Margaret quite clearly feels drawn to him and her responses to Helen’s taunts about marrying him show that she’d consider it. After the close friendship with his late wife, who we’ve just seen buried, this does seem rather opportunistic. Talk about jumping into somebody’s grave…

There’s more than enough to keep me watching – in fact I’d watch just to find out more about Bast’s back story and how he has ended up in a relationship and job that are destroying him. Will he find the company he needs so he can share his love of the arts, or will he continue to sit on his own at music concerts and read books by his fireside, keeping his thoughts to himself? Better still, will the Schlegel sisters give him some authentic conversation as an equal, rather than continuing their constant dissection of people, as Helen describes it – just another way to say ‘gossiping’?

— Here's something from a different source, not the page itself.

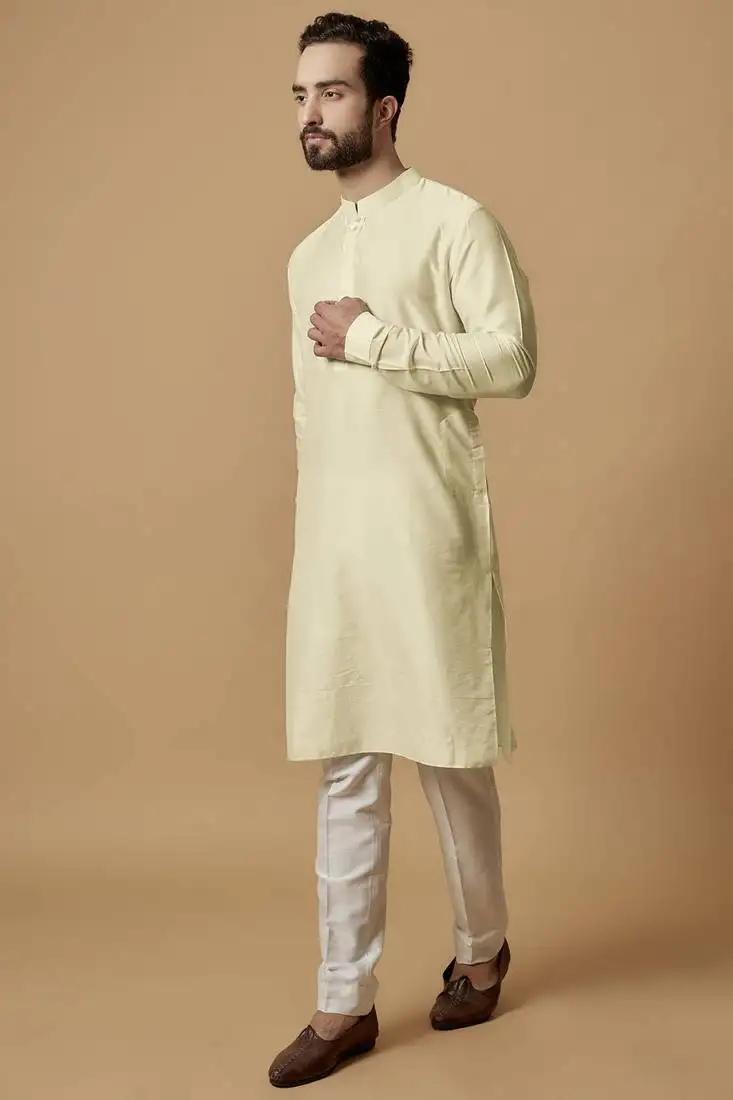 Beige tab detail kurta set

If, unlike me, you’ve read the novel you’ll know this answers to my questions and far more, but the TV series will follow its own track. The selection of scenes to condense it into screenplay makes that inevitable. I believe the Schlegel sisters will become more self-aware and will start mixing empathy with philanthropy. HG Wells often wrote about the Schlegel sisters kind of philanthropist – the type who helped the poor by doing what they felt was best for them without giving them the choice. How he hated them. I haven’t read the novel and don’t know if it stirs up such strong reactions in readers, but the television series certainly does.